The Intel engine has started to purr. The company turned in a great quarter, and now CEO Bob Swan tells investors the Intel Xe DG1 GPU has been powered on in the lab.
Intel released their third-quarter results (see Intel Q3 2019 results) and reported record results. In the analyst call, Intel’s CEO Bob Swan said the company is on target to return to a schedule of major manufacturing upgrades every 2 to 2.5 years. In addition, Swan said, “We are on track to launch our first 7-nanometer-based product—a datacenter-focused discrete GPU—in 2021, two years after the launch of [a] 10 nanometer [version]. We are also well down the engineering path on 5 nanometer.”
Swan told investors that Intel has powered on the Intel Xe DG1 graphics AIB for the first time in the lab. Later in the day, Chris Hook celebrated this milestone with a tweet, “It’s alive!”
Hook maintains, via Twitter, that a ship date of 2020 is the schedule.
“Powered on,” means the initial testing has been accomplished in Intel’s labs and is in the process of validation. When final validation is completed, the Xe-based DG1 can move on to the next phase, which could (should) include external testing by potential OEMs and ODMs. When that happens, you can expect to see a torrent of leaks, and ferreted out discoveries about the highly anticipated chip.
We have received a smuggled photograph of the new card.
Robert Y. Kringly, an advisor and confidant to Intel, was able to visit the Intel Labs in Folsom and see some of the first generation testing and take a few pictures.
“Having worked with Roget Kadari and Kris Hooker when they were at AND,” Kringly told us through his thick Hungarian accent, “and all the Folsom Lab folks I was given special access to this amazing new card Intel will launch on February 1st, 2020 at CES.”
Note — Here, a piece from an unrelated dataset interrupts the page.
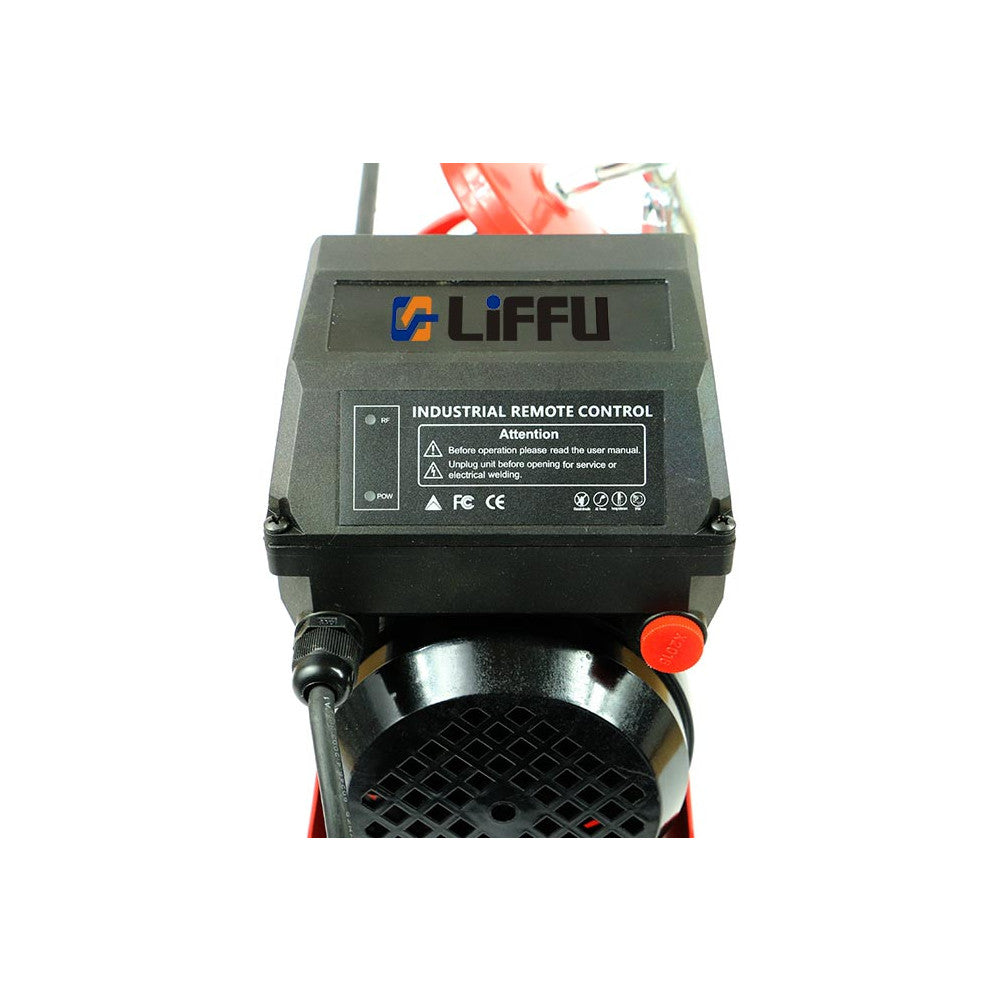 Liffu Electric Hoist 230V Wire Rope 18m 1000Kg PA1000 With Remote Control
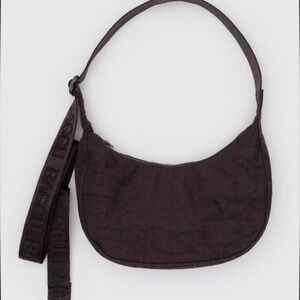 Baggu small crescent chocolate plum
“It’s a little difficult to see the labeling on the chip,” Kringly added, “that is on purpose like the tiger striping automobile companies use when road testing a new car to throw off the paparazzi. Nonetheless, if you look closely you can clearly see the designation.”
The chip itself, we were told, has 4.6 billion transistors and is fabricated in Samsung’s 7-nm fab in Hwaseong, Korea. “The Intel engineers were a little embarrassed that the prototype couldn’t be made in their own fabs, but everyone knows why,” the Hungarian consultant added.
There are a cool 5,000 32-bit full floating-point shaders organized in 64 shader CUs, with independent texture engineers and a cross-bar interprocessor switching network buffered by 64mb caches. The 192-bit 10 Tbyte/s memory bus drives 64MB of 3DRAM (also from Samsung) and the tests Kringly saw showed the card delivering 25.5 TFLOPS. Remarkably, it did that in less than 110 W.
Mind you, none of this is verifiable. Repeated calls, faxes, and emails to Intel have so far not been answered, although a dead skunk did mysteriously show up in front of our door a few days ago.